EAST ASIA, (EUROPE) AND LATIN AMERICA[1]
Peter Abrahamson
University of Copenhagen
This paper applies bot a regional and a comparative perspective on contemporary welfare state development. Taking off from comparative analyses of economic development and social rights in Europe, Central America and East Asia (Abrahamson 2010a, 2010b, forthcomng) this study seeks to understand welfare development through comparing developments between regions rather than within regions. The focus is in the first place on selected countries in East Asia and Latin America, and secondly, if time allows, on selected Central- Eastern and Southern European countries. It, thus, follows in the footsteps of those relatively few scholars that have gone beyond Eurocentric, or even Swedocentric, analyses such as Ian Gough (2006), G. Woods (2004), Armando Barrientos (2011), Stephen Haggard (2008) and Huk-ju Kwon (2010).

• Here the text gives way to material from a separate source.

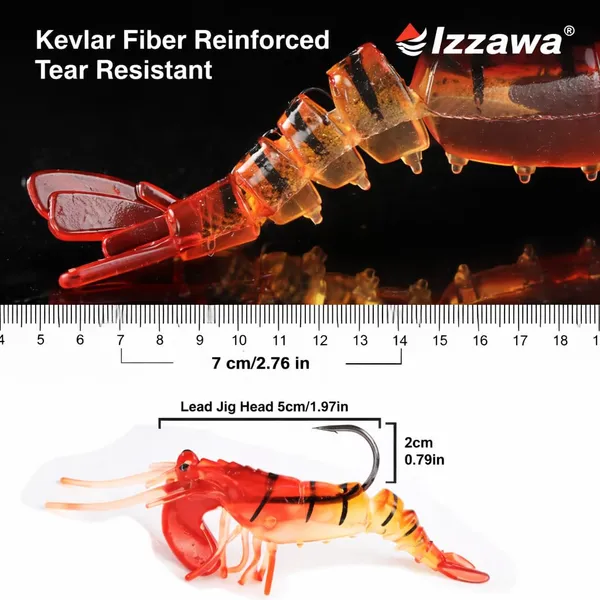 IZZAWA_Shrimp_Lure_7cm_13.7g_–_Snakehead_Barramundi_Jigging_Bait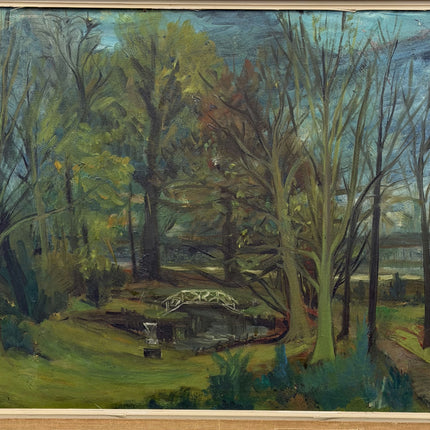 Elegant Landscape Oil Painting "Park Trees" Rustic Large Art Holland Art Shop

Developments within these three regions of the world have a number of things in common: late welfare state development; recent authoritarian political pasts; export substitution economic strategies and social insurance only for privileged segments of (public) employees. Their welfare states have within the welfare modeling business been considered to be under developed and productivist.
The paper seeks to contribute to the ongoing debate on welfare under globalization by moving focus from the North to the South and by viewing globalization as regionalization.